1980, als erstmalig der Welttourismustag begangen wurde, gab es 278 Millionen Touristen, die jährlich durch die Welt reisten. In etwas mehr als zwei Jahrzehnten hat sich diese Zahl fast vervierfacht.

Vor 35 Jahren wurde auf eben diesem Szenario der Welttourismustag eingerichtet. Wie hat sich Ihrer Meinung nach die Industrie seitdem entwickelt?

Der Tourismus hat sich in den letzten 35 Jahren verändert und übertraf den Rekord von einer Milliarde Touristen im Jahr 2012, nachdem im letzten Jahr 1,087 Milliarden Touristen gezählt wurden.

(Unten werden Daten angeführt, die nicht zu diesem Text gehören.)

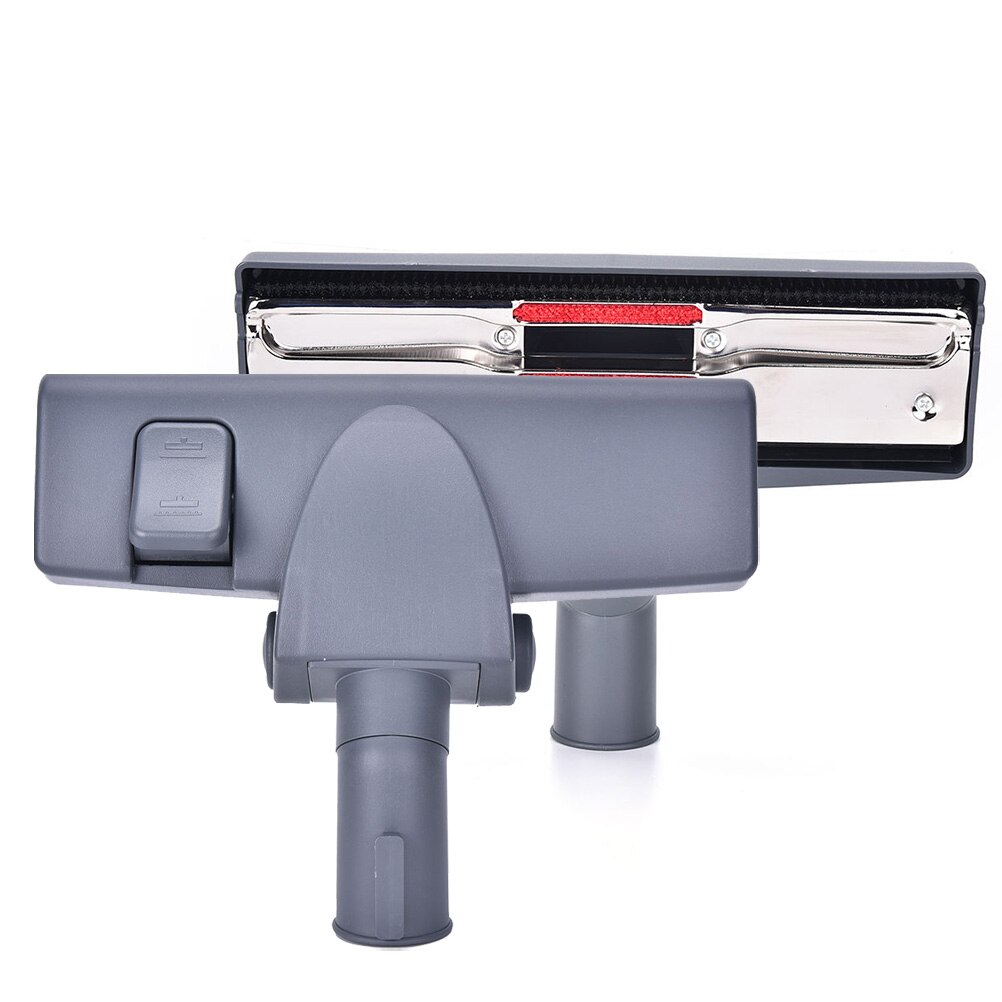 Universal- 35mm Boden Teppich CleaningTool Staubsauger Staubsauger Pinsel Kopf Rädern Teile Staubsauger Ersatz Zubehör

Die Karte des internationalen Tourismus hat sich ebenfalls deutlich verändert. Die traditionellen Reiseziele in Europa und Nordamerika sind Zeugen dessen, wie von Asien bis Lateinamerika Destinationen aus Schwellenländern ihren Platz in einem stark umkämpften internationalen Tourismusmarkt behaupten. Europa bleibt die meistbesuchte Region der Welt mit über 50 % der internationalen Touristen, aber trotz allem haben die Schwellenländer ein außergewöhnliches Wachstum verzeichnet.

Vor allem muss der Tourismus zu einer der wichtigsten sozial-ökonomischen Branchen unserer Zeit werden. Was einst eine wenigen Privilegierten vorbehaltene Aktivität war, stellt heute einen milliardenschweren Wirtschaftszweig dar, der 9% des Welt-BIP, 30 % der Exporte von Dienstleistungen und einen von elf Arbeitsplätzen weltweit schafft. Darüber hinaus ist der Tourismus zu einem Werkzeug für die Entwicklung geworden, über das Wirtschaftswachstum und die Schaffung von Arbeitsplätzen hinaus, und leistet somit auch einen Beitrag zur sozialen Entwicklung und der Armutsbekämpfung.

Torremolinos war Vorreiter in Spanien in der Entwicklung des Tourismus als Industrie. Wie sehen Sie die aktuelle Entwicklung dieser Tätigkeit in der Stadt und in ihrem Kongresspalast?

Über Jahrzehnte hinweg hat Torremolinos durch seine schönen Strände und gutes Wetter Touristen aus der ganzen Welt angezogen. Dank dessen wurde eine starke Marke geschaffen und dies hilft Spanien, sich als eine der wichtigsten Tourismusdestinationen der Welt und Torremolinos als ein Symbol des Mittelmeer-Tourismus in Andalusien zu positionieren.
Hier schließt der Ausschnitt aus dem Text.